I am running a query using Hive on Spark which is exhibiting some strange behavior. I've run it multiple times and observed the same behavior. The query:

  • reads from a large Hive external table
  • Spark creates about ~990,000 tasks
  • runs in a YARN queue with > 2900 CPUs available
  • uses 700 executors with 4 CPUs per executor

All is well at the start of the job. After ~1.5 hours of 2800 CPUs cranking, the job is ~80% complete (800k/990k tasks). From there, things start to nosedive: Spark stops using all of the CPUs available to it to work on tasks. With ~190k tasks to go, Spark will gradually drop from using 2800 CPUs to double digits (usually bottoming out around 20 total CPUs). This makes the last 190k tasks take significantly longer to finish than the previous 800k.

I could see as the job got very close to completing that Spark would be unable to parallelize a small amount of remaining tasks across a large number of CPUs. But with 190k tasks left to be started, it seems way too early for that.

Things I've checked:

  • No other job is pre-empting its resources in YARN. (In addition, if this were the case, I would expect the job to randomly lose/regain resources, instead of predictably losing steam at the 80% mark).
  • This occurs whether dynamic allocation is enabled or disabled. If disabled, Spark has all 2800 CPUs available for the entire run time of the job - it just doesn't use them. If enabled, Spark does spin down executors as it decides it no longer needs them.
  • If data skew were the issue, I could see some tasks taking longer than others to finish.
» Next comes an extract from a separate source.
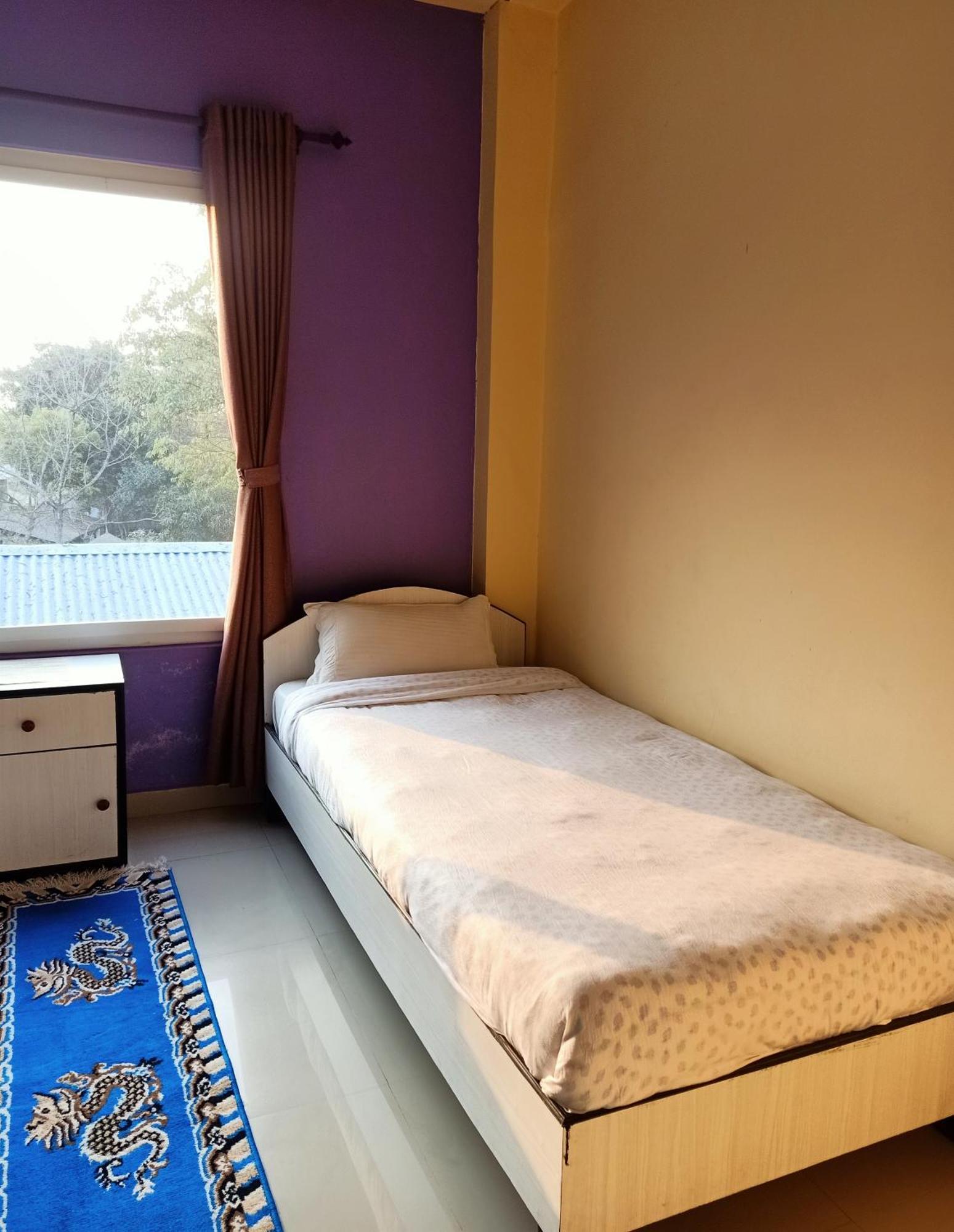 Hotel Rhinoceros-Homestay Sauraha Phòng bức ảnh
But it doesn't explain why Spark wouldn't be using idle CPUs to start on the backlog of tasks still to go.

Does anyone have any advice?

1

1 Answers

1
votes

For posterity, this answer from Travis Hegner contained the answer.

Setting spark.locality.wait=0s fixes this issue. I'm also not sure why a 3 second wait causes such a pile up in Spark's ability to schedule tasks, but setting to 0 makes the job run extremely well.